On June 12, 2007, agents from the St. Lucie County Sheriff’s Office (SLCSO) and the Florida Department of Law Enforcement (FDLE) executed a search warrant on a convenience store located in a predominantly immigrant/Hispanic part of Fort Pierce. The search focused on financial records involving the “transmitting” of funds and “check cashing”. Boxes of records were seized and carried away.
Following this search, the family which ran the convenience store retained Jeffrey H. Garland for assistance in responding to the possibility of arrest on criminal charges. NM, his wife, LM, and his son, AHM, were subsequently arrested on June 21, 2007, on charges of unauthorized banking and unlicensed practice of a healthcare profession.
As part of this investigation, law enforcement initiated a forfeiture action which effectively froze both business and personal accounts. As a result of these police activities, Western Union Financial Services discontinued its money transmitting relationship with the business.

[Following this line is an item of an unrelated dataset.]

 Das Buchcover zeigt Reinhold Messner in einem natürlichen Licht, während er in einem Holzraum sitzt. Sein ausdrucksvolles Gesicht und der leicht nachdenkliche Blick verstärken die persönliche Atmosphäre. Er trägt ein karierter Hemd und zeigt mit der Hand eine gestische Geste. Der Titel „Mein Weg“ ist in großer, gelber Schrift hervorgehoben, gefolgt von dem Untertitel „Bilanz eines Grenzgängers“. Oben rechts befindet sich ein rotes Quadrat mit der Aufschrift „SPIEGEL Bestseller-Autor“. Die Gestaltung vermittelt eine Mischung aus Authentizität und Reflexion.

As already noted, the business was located in an area of Fort Pierce where the clientele was predominantly Hispanic. A prominent aspect of the business involved “money transmitting” funds to Central American countries such as Mexico, El Salvador, Nicaragua and Guatemala. The freezing of both business and personal accounts, together with the refusal of Western Union to continue business, essentially shut down the most profitable part of the business.

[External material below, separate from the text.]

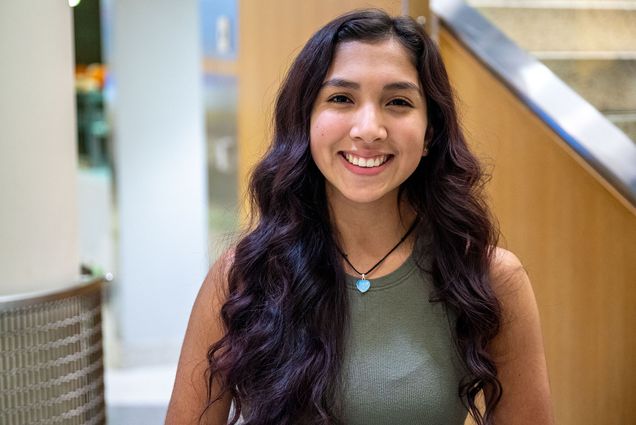 Photo: Madison Miranda. a young Puerto Rican woman wearing a cropped olive green tank and jeans, smiles and poses next to a wooden staircase.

The family retained Fort Lauderdale attorney John “Jack” F. O’Donnell, to assist them with the civil and forfeiture aspects of the case. Attorneys Garland and O’Donnell worked together to resolve all aspects of the case as quickly as possible.
Initially, the criminal and forfeiture cases followed different “tracks”. State prosecutors filed an amended information charging multiple counts of unlawful banking and threatened to bring additional charges of money laundering and illegal money transmitting. The defense responded with a detailed transaction-by-transaction accounting for the various transmissions of funds.

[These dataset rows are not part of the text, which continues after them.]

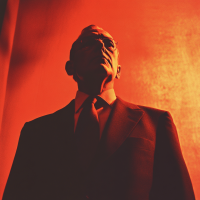 A stern man in a suit stands under dramatic red lighting, emphasizing his figurehead role, meant to captivate and distract rather than command power, as described in the book quote.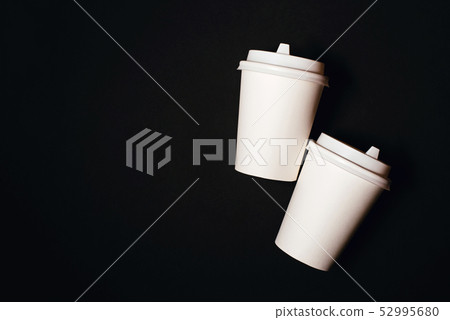 Two paper cups on black background Two paper cups on black background 52995680
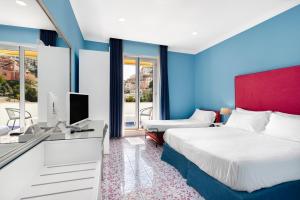 Schlafzimmer mit einem Bett und einem Schreibtisch mit einem TV in der Unterkunft Hotel Bougainville in Positano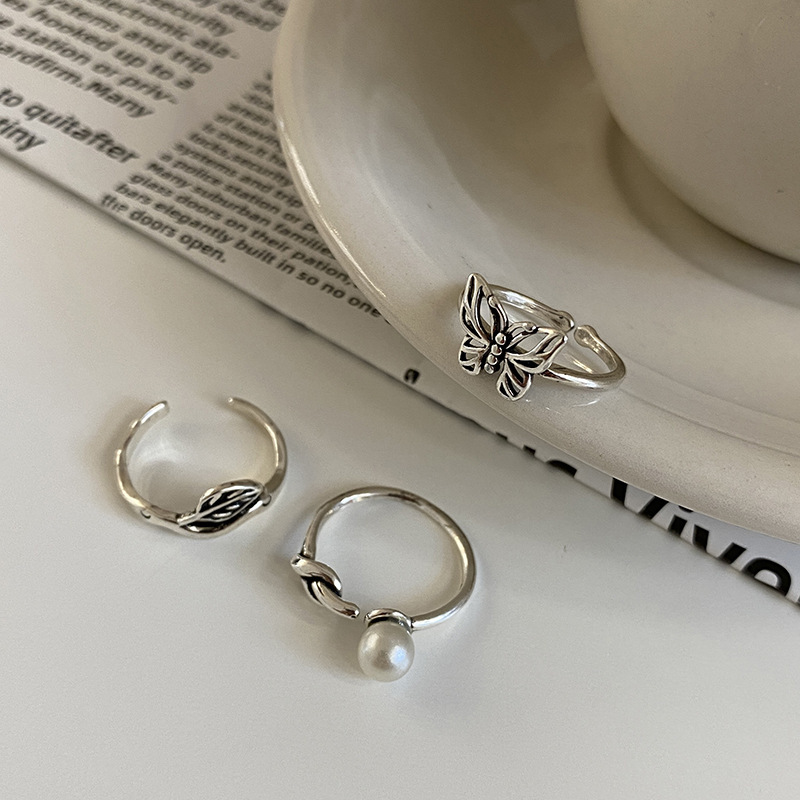 Retro Pearl Three-piece Ring Female Butterfly Leaf Silver Plated Copper Ring display picture 1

The nub of this case turned out not to be the criminal component. It seemed that the SLCSO’s primary goal was to force a financial settlement in connection with the forfeiture aspect of the case. If the State were to have filed additional money transmittal/money laundering charges, the risks of extended litigation, and the potential for lengthy incarceration, would have been greatly increased. The costs of defense would also have increased dramatically due to the need for experts in forensic accounting and money transmitting.
With the active and important involvement of Attorney Jack O’Donnell, all parties to both the civil and criminal components of the case met together at length. During the process of reviewing the many boxes of documents seized during the execution of the search warrant, the parties were able to resolve their differences. The evidence showed good faith efforts to comply with a complex regulatory scheme. There were, arguably, several instances of “regulatory” concern – as opposed to criminal or forfeiture.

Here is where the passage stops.